On 2/1/23 6:17 AM, Corey Bonnell wrote:

I think it would be unfortunate if the usage of terms that are defined in
RFC 5890 is not aligned with their definitions.

If we are not opposed to introducing new terminology to the document, then I
suggest the following:

1.      Replace all instances of "A-label" with the term "P-label" from the
CABF Baseline Requirements [1]: "P-Label: A XN-Label that contains valid
output of the Punycode algorithm (as defined in RFC 3492, Section 6.3) from
the fifth and subsequent positions."
2.      For U-label:
        a. Punt and call it "Unicode representation" instead (this is what
the CABF Baseline Requirements does, although that may not be appropriate
for this document).
        b. Create a new term that is defined as "A non-LDH label that
contains valid output of the decoding algorithm for Punycode (as defined in
RFC 3492, Section 6.2)." and use this new term instead of "U-label".

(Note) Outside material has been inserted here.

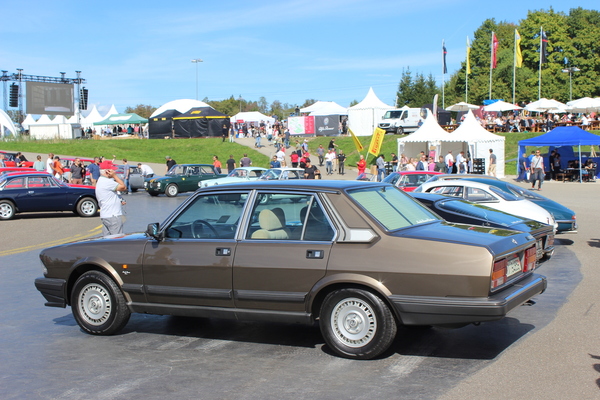 Der nicht ganz so populäre Sei in später Facelift-Version – Passione Alfa Romeo Hinwil 2018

I'd be happy to work on concrete text to this effect if there's agreement
this is a good path to resolve the issue.

I would very much like to hear what John Klensin and Patrik Fältström (cc'd) think about this proposal.

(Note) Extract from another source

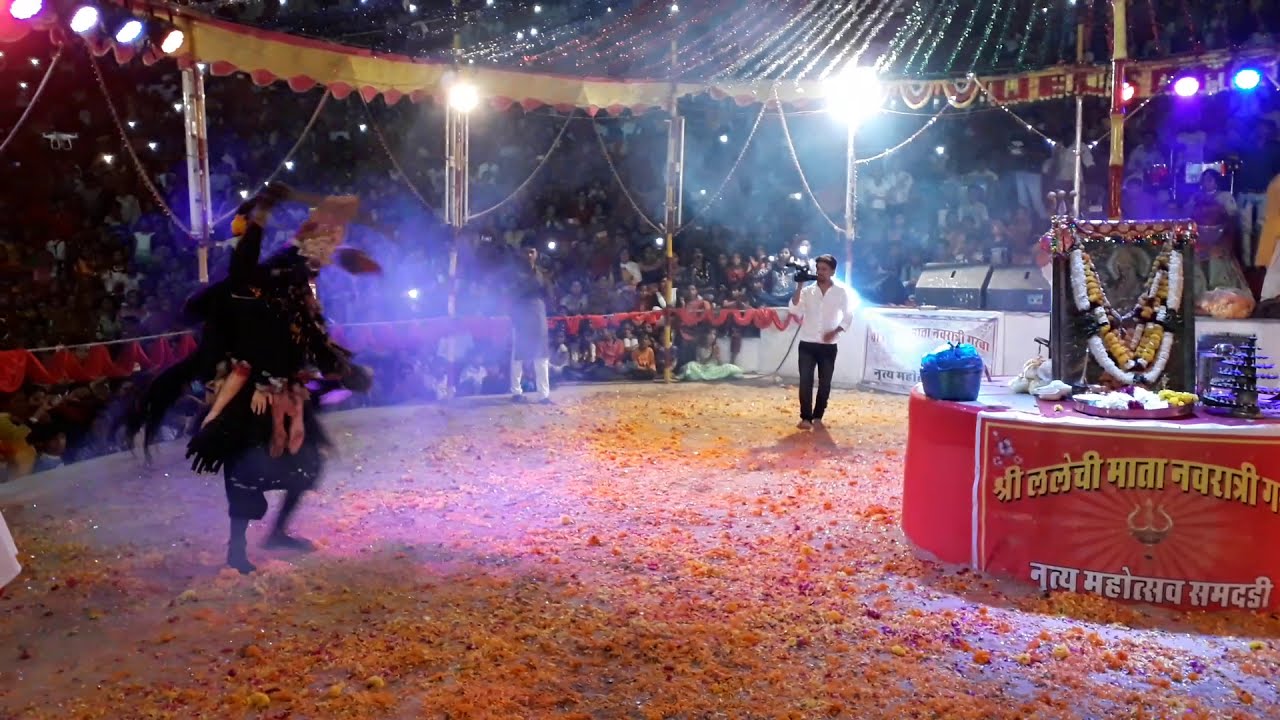 दुर्गा अष्टमी मां काली प्रवेश ललेची माता गरबा समदडी 2019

As noted in my other message <https://mailarchive.ietf.org/arch/msg/uta/92tKoHT3Kjll1o_mCYQYQT8xON4/> I'm not immediately comfortable with referencing a CA/Browser Forum document instead of RFC 5890.

Having looked at Corey's proposal more closely, I'm doubly unsure because (a) it is not fully clear to me how the P-label construct differs from the A-label construct in RFC 5890 and (b) coming up with new DNS-related terminology in a late-stage document about certificate validation just seems like a bad idea (e.g., I'm not sure how to get proper review) even if it were necessary (which I'm not sure it is).